** DATA PROVIDED follows **
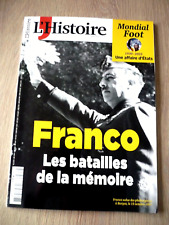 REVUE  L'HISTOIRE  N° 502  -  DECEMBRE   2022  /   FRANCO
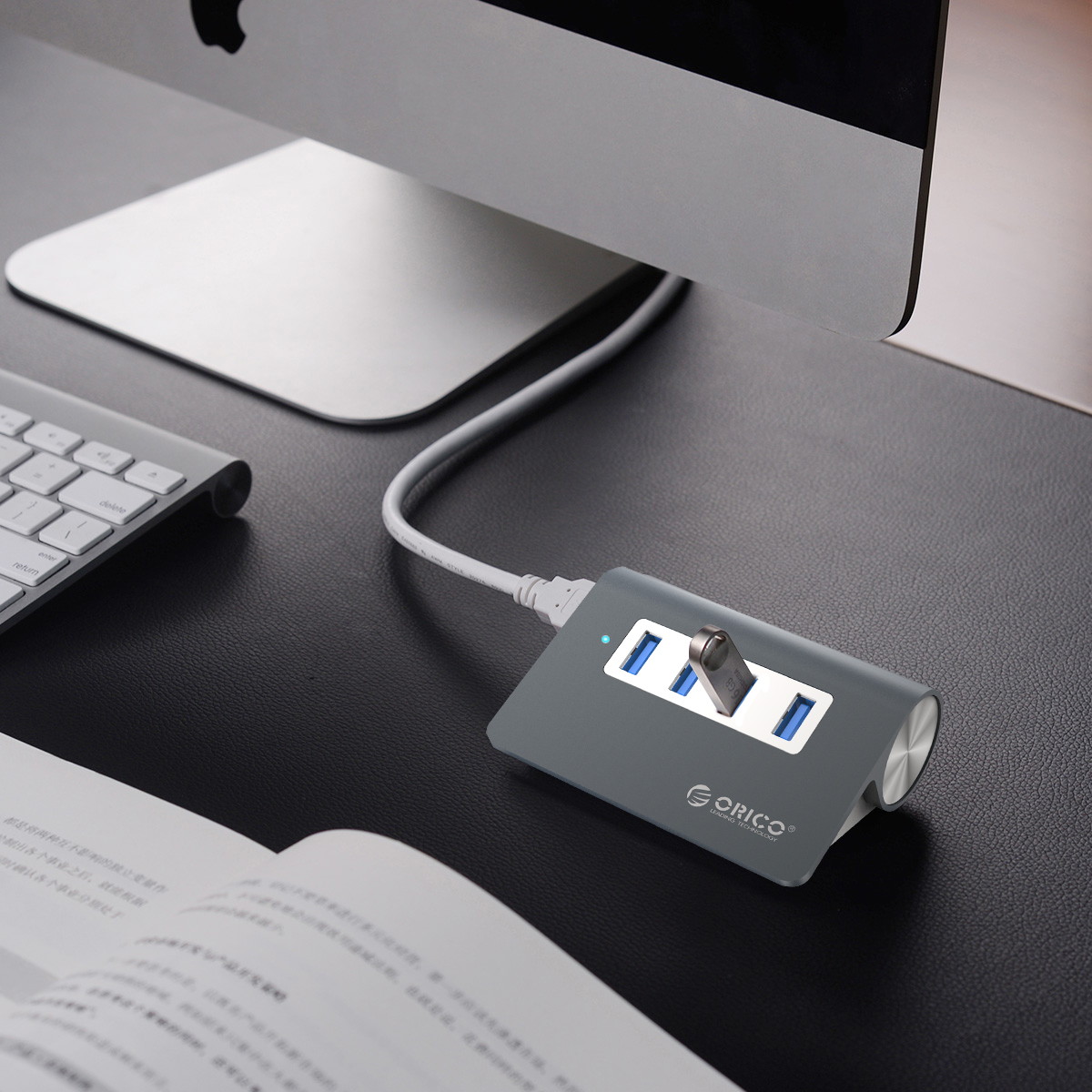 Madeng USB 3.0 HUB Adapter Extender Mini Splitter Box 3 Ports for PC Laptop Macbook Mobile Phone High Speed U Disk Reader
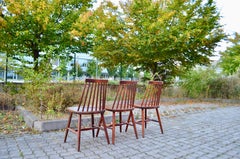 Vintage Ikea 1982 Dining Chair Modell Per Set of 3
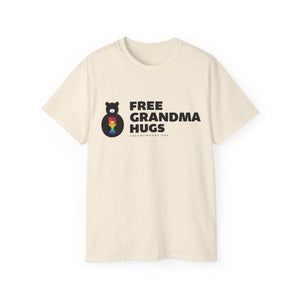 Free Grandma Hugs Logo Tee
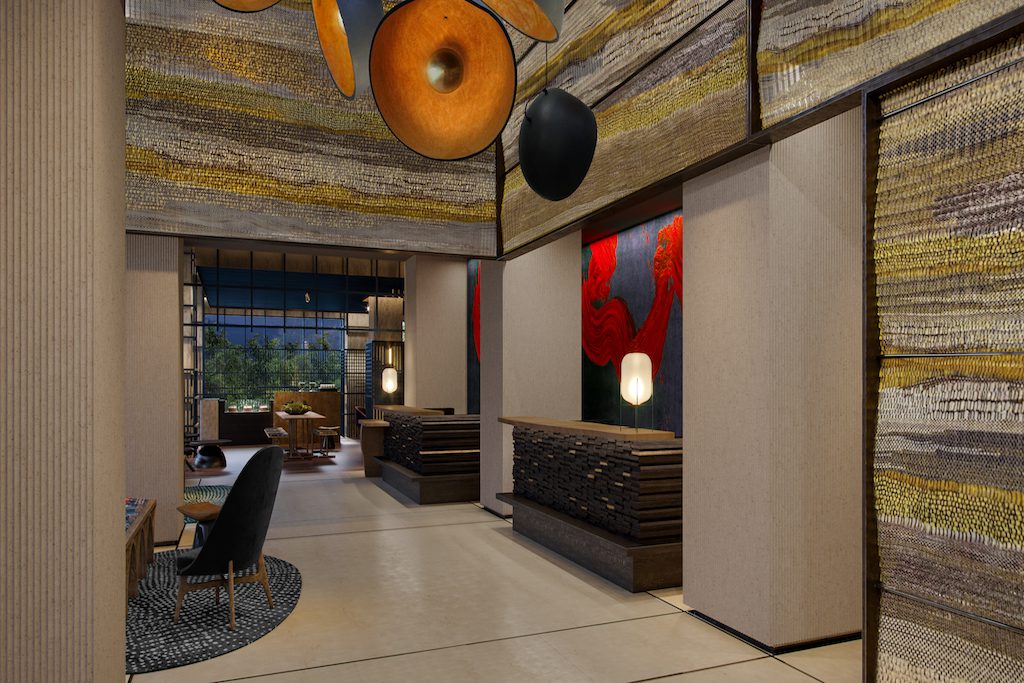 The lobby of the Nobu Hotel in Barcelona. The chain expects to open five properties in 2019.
** End of DATA PROVIDED **
**WHAT THE TASK REQUIRES**. The lines from the beginning of the listing above through the line holding "Free Grandma Hugs Logo Tee" are to be duplicated exactly, and the pictures omitted.

**EXERCISE ANSWER**.
 REVUE  L'HISTOIRE  N° 502  -  DECEMBRE   2022  /   FRANCO
 Madeng USB 3.0 HUB Adapter Extender Mini Splitter Box 3 Ports for PC Laptop Macbook Mobile Phone High Speed U Disk Reader
 Vintage Ikea 1982 Dining Chair Modell Per Set of 3
 Free Grandma Hugs Logo Tee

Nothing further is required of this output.